杉本博司(Hiroshi Sugimoto)

1948年東京生まれ。立教大学経済学部を卒業後、ロサンジェルスのアートセンター・カレッジ・オブ・デザインで写真を学ぶ。1974年よりニューヨーク在住。現代美術作家として活動するかたわら、古美術商を営んでいた時期も。代表作に自然史博物館のジオラマを撮影した「ジオラマ」シリーズ(76年~)、全米の映画館などで撮影した「劇場」シリーズ(78年~)、世界各地の海を同じ手法で撮影した「海景」シリーズ(80年~)などがある。作品所蔵美術館はメトロポリタン美術館(ニューヨーク)、テーとギャラリー(ロンドン)、ポンピドゥーセンター(パリ)、東京国立近代美術館など多数。

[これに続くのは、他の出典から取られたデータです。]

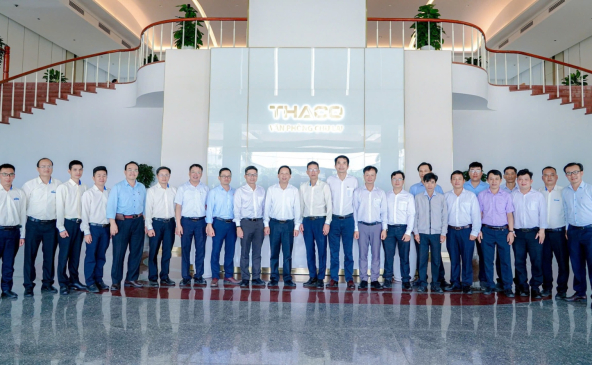 Thaco Industries: Đổi mới công nghệ hướng tới nền tảng sản xuất cơ khí thông minh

建築にも造詣が深く、1999年~2002年にかけては「ベネッセアートサイト直島」の護王神社再生プロジェクトにも携わった。2005年、東京・森美術館で回顧展開催。2009年建築設計事務所「新素材研究所」を東京に開設、静岡県長泉町にIZU PHOTO MUSEUMを設計する。2011年、主宰する小田原文化財団が、公益法人として認可され、財団の活動として「杉本文楽曾根崎心中付り観音廻り」を神奈川芸術劇場にて公演する。1988年、毎日芸術賞、2000年、パーソンズ・スクール・オブ・デザイン、ニューヨーク、名誉博士号、2001年、八セルブラッド国際写真賞受賞、2009年、高松宮殿下記念世界文化賞、2010年、紫綬褒章。主な著書に『歴史の歴史』(新素材研究所)、『空間感』(マガジンハウス)、『現な像』(新潮社)がある。